Description
Quick and forgiving banana muffins made with almond flour, perfect for busy families looking for a comforting and nutritious treat.
Ingredients
Scale
- 2 ripe bananas, mashed
- 1 cup almond flour
- 1/4 cup pure maple syrup (or agave syrup)
- 1/4 cup unsweetened almond milk
- 1 teaspoon baking powder
- 1/2 teaspoon baking soda
- 1/2 teaspoon fine sea salt
- 1 teaspoon vanilla extract
- Optional: 1/2 cup chopped walnuts or dairy-free chocolate chips
- Optional: 2 tablespoons ground flaxseed or chia seeds
- Optional: 1/4 cup hemp seeds
- Optional: 1/2 teaspoon ground cinnamon or a pinch of nutmeg
- Optional: 1/4 cup unsweetened shredded coconut
- Optional: 1/4 cup pumpkin or sunflower seeds
- Optional: 1 tablespoon lemon juice
- Optional: 1/4 cup mashed silken tofu or unsweetened applesauce
Instructions
- Preheat the oven to 350°F (175°C) and line a muffin tin with paper liners.
- Mash the bananas in a large mixing bowl until mostly smooth.

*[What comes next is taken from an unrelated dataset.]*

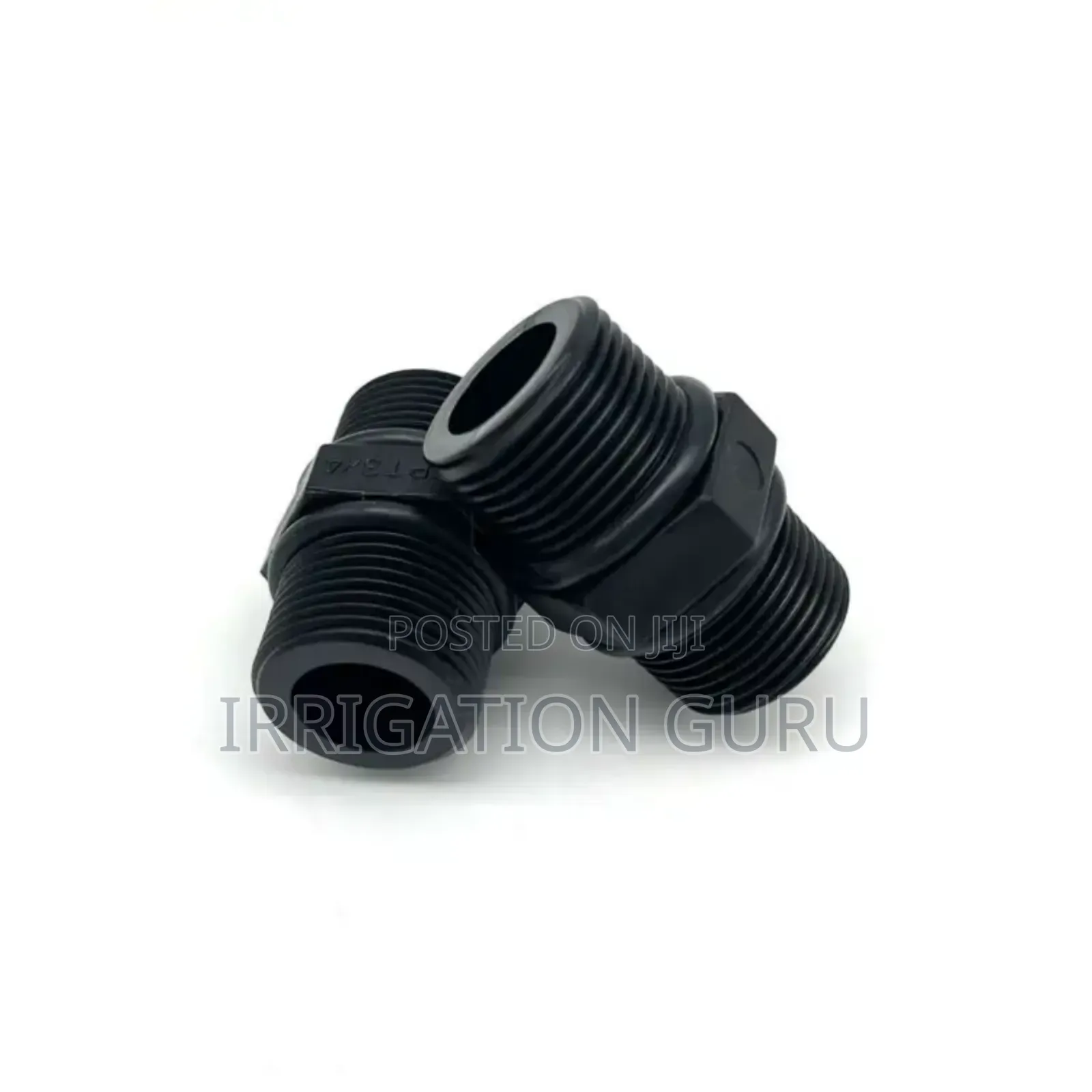 Hex Fitting 2"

- Add maple syrup, almond milk, and vanilla extract to the mashed bananas and whisk until combined.
- Combine the almond flour, baking powder, baking soda, and sea salt in a separate bowl.
- Fold the wet mixture into the dry ingredients gently until just combined; be careful not to overmix.
- Add any optional mix-ins and gently fold them into the batter.
- Divide the batter between the muffin cups, filling them about 3/4 full.
- Bake for 18–22 minutes, checking with a toothpick at 18 minutes.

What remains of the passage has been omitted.